Committee on Finance. - Vóta 36—Roinn na Gaeltachta.

Debate resumed on the following motion:
Go ndeonófar suim nach mó ná £1,404,000 chun íoctha an mhuirir a thiochfaidh chun bheith iníoctha i rith na bliana dar críoch an 31ú lá de Márta, 1969, le hagaidh Tuarastail agus Costais Roinn na Gaeltachta, maille le Deontais le haghaidh Tithe agus Ildeontais-i-gCabhair.

When I concluded on this Estimate before questions I was urging on the Minister the necessity for protecting the area of land which lies between the shore road and the sea throughout Gaeltacht areas, if necessary by acquisition on the equitable terms to the present owners of leaving it open to the Department of Lands to lease or let the land back to the original owners for agricultural use but primarily to ensure that the amenities of the whole area will not be irretrievably destroyed by the acquisition of this land in small parcels by persons at home and abroad coming here and building all sorts of structures between the road and the sea, as many of the scenic roads in Gaeltacht areas closely adjoin the seashore.

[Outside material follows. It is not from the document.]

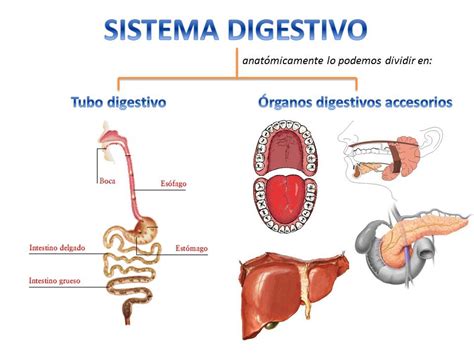 FISIOLOGÍA HUMANA: Sistema digestivo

The Department of the Gaeltacht is, of course, primarily concerned with the preservation of the Gaeltacht as we knew it 40 years ago. It is the source of the language and the living spring without which the language must necessarily die. I have watched in my life-time the diminution of that spring. I remember in Donegal when I first went there as a student to the College at Cloughaneely Irish was the vernacular language from Falcarragh all round the west and from there down to the Rosses and Dungloe. The area of the Gaeltacht in that district where Irish is the vernacular has fallen back by about 20 miles. I doubt if it would be true to say that Irish was the vernacular east of Dunlewey and the Rosses today. The House ought to face the fact that while we are improving the tourist amenities of the Gaeltacht on the one hand, we are destroying what we pretend to be concerned to preserve on the other hand, because the arrival of tourists in the Gaeltacht is finally killing the language as a spoken language. That is a dilemma which the Department has to face. I should be glad to hear the Minister's view about what the Department's attitude to this dilemma is.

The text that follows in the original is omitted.